Google

Die Recherchen begannen dort, wo sie ihren Ausgang nehmen sollten – bei Google.

„Man kann mit zwei Augen mehr sehen, als man mit nur einem Kopf zu denken vermag!“ Früher, so wird entlang der Avenue Kakatare oft berichtet, suchten die Menschen gerne den Baobab vor dem Eingang des zentralen Marktes auf. In dessen Schatten fanden sie nicht bloß Zuflucht vor der glühenden Hitze des Sahel. Vor allem die Jungen scharten sich um den mächtigen Baumstamm, um aus den Erzählungen und Überlieferungen der alten Männer von der weiten Welt zu erfahren, die immer schon ihre Neugierde erweckte.

In den Köpfen ist eben viel Platz, wie auf einer großen Tafel, die beschrieben werden will. Daran hat sich bis heute nichts geändert. Die Welt jedoch erreicht auch den Baobab zunehmend mit einer kognitiven Dissonanz. Die alten Männer sind hier noch immer anzutreffen, nur die Anzahl der Jungen verringert sich von Tag zu Tag. Sie ziehen mittlerweile andere Quellen der Weisheit vor.

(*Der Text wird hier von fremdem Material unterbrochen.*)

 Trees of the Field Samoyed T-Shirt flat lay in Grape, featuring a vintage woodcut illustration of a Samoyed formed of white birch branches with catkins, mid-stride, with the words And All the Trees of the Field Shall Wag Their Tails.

Vor kurzem etwa steckte eine Schülerin die Nase bei der Tür des Telegraphenamts herein und berichtete von ihrem Unterricht. Der Lehrer hatte ihr im Rahmen eines Klassenprojekts über das Wochenende die Aufgabe erteilt, das Thema „Landnahme“ zu erörtern. Das Mädchen war voller Tatendrang und setzte seine Hoffnungen auf eine Suchmaschine im Internet, die ihrer Auffassung zufolge so gut wie alles weiß.

Das Telegraphenamt steht in solchen Fällen gerne mit Rat und Tat zur Stelle. Schnell wurde der Schülerin mit einem Eintopf aus roten Bohnen auch ein Notebook bereitgestellt, um ihr das endlose Warten auf einen Internet-Zugang in den überfüllten Cybercafés der Stadt zu ersparen. Die Recherchen begannen dort, wo sie ihren Ausgang nehmen sollten – bei Google. Die geheimnisvolle Maschine wusste tatsächlich zur Landnahme aufschlussreiche Ergebnisse auszuspucken. Um Afrika, so das einhellige Bild, herrsche reges Gedränge, wie auf einem Bazar, auf dem sich die internationale Gier nach wertvollen Ressourcen nur so tummelt.

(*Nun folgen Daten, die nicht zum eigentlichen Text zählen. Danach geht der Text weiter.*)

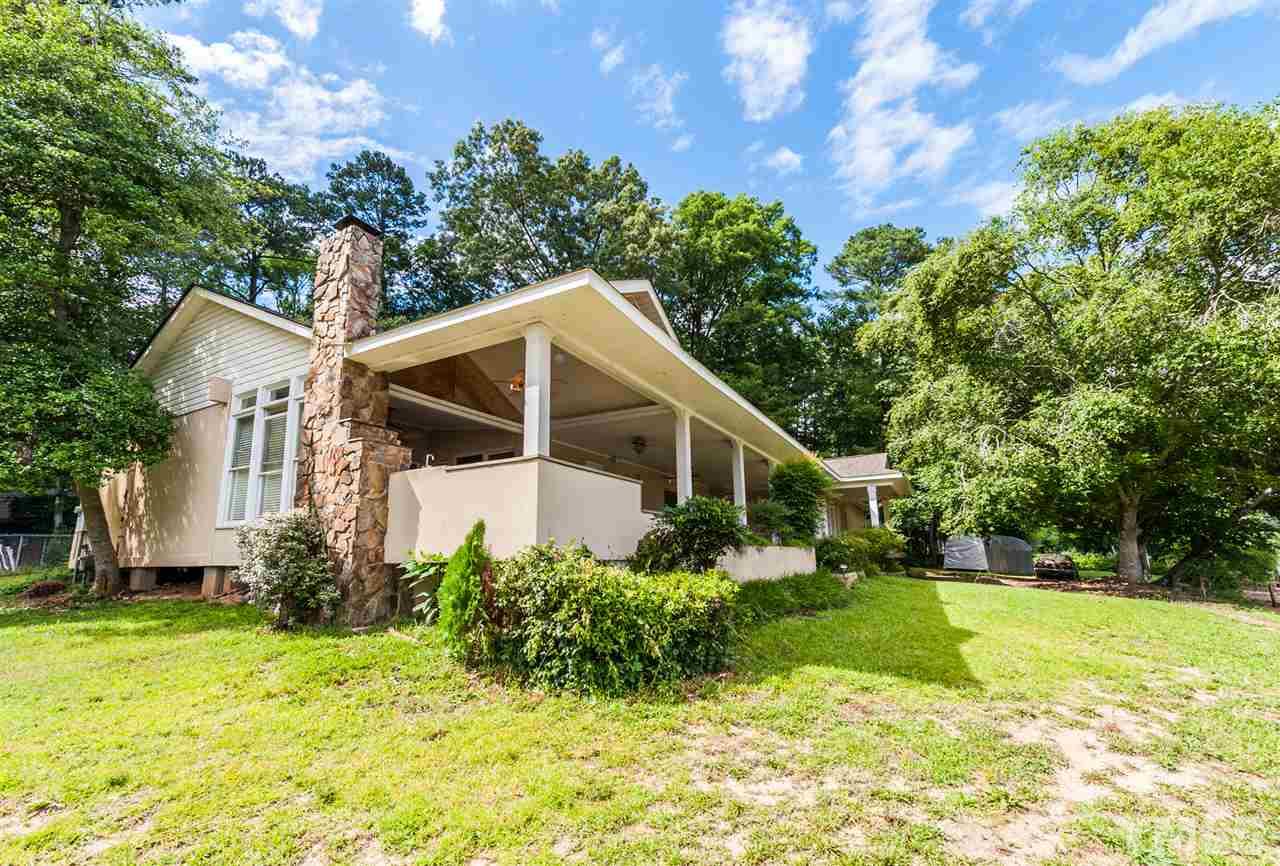 4308 Ryegate Drive Raleigh, NC 27604 - Photo 21 of 23 a view of a house with backyard and garden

Und plötzlich rückte Google selbst ins Blickfeld. Dem Mädchen blieben die Bohnen im Halse stecken, als es von den Plänen des US-Konzerns erfuhr, verstärkt in den Ausbau von W-LAN-Verbindungen in den südlichen Schwellenländern zu investieren. Die Verheißung klingt auf den ersten Blick wohltätig und verlockend. Eine Milliarde Menschen solle dadurch auch in den entlegensten Gebieten an das Netz der Netze angebunden werden. Mit neuen Mikroprozessoren und preiswerten Smartphones, die mit dem Google-Betriebssystem Android ausgestattet sind. Die Schülerin notierte die Erkenntnisse für ihre Klassenarbeit. Dann aber gelangte sie an den Punkt, aus dem neu gewonnenen Wissen die erforderlichen Schlüsse zu ziehen. Was hat das nun alles mit der Landnahme zu tun?

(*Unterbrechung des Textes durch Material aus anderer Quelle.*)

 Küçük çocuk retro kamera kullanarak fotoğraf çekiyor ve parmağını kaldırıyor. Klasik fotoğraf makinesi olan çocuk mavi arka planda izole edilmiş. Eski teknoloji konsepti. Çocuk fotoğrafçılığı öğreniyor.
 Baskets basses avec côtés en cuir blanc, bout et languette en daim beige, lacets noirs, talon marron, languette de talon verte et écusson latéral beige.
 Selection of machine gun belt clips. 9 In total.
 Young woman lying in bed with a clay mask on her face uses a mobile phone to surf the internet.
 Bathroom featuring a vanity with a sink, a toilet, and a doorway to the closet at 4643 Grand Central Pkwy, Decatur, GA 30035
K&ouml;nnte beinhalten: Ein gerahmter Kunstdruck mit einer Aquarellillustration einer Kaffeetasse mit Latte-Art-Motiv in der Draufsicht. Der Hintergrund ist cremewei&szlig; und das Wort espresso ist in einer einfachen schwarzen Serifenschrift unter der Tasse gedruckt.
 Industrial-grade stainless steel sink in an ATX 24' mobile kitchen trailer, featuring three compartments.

Die Ratlosigkeit führte das Mädchen schon einen Tag später zu den alten Männern unter dem Baobab. Und siehe da: Obwohl die ergrauten Weisen mit dem modernen Machwerk der Nassara („Weiße“ in Fulfulde) nichts anzufangen wussten, öffneten sie der Schülerin geduldig die Augen, dass die geistigen Hinterlassenschaften der Ahnen, ihre kulturellen Hervorbringungen und das reichhaltige Wissen, immer auch Begehrlichkeiten der Profitmaximierung auf sich zogen. Google hat Afrika schon lange im Visier – und ist mit dem Kontinent auch gut im Geschäft. Damit konnte die Schülerin ihrem Lehrer letztlich die Erkenntnis überreichen, dass die Landnahme – neben Grund und Boden – eben vor allem auch von den Köpfen der Menschen Besitz ergreift.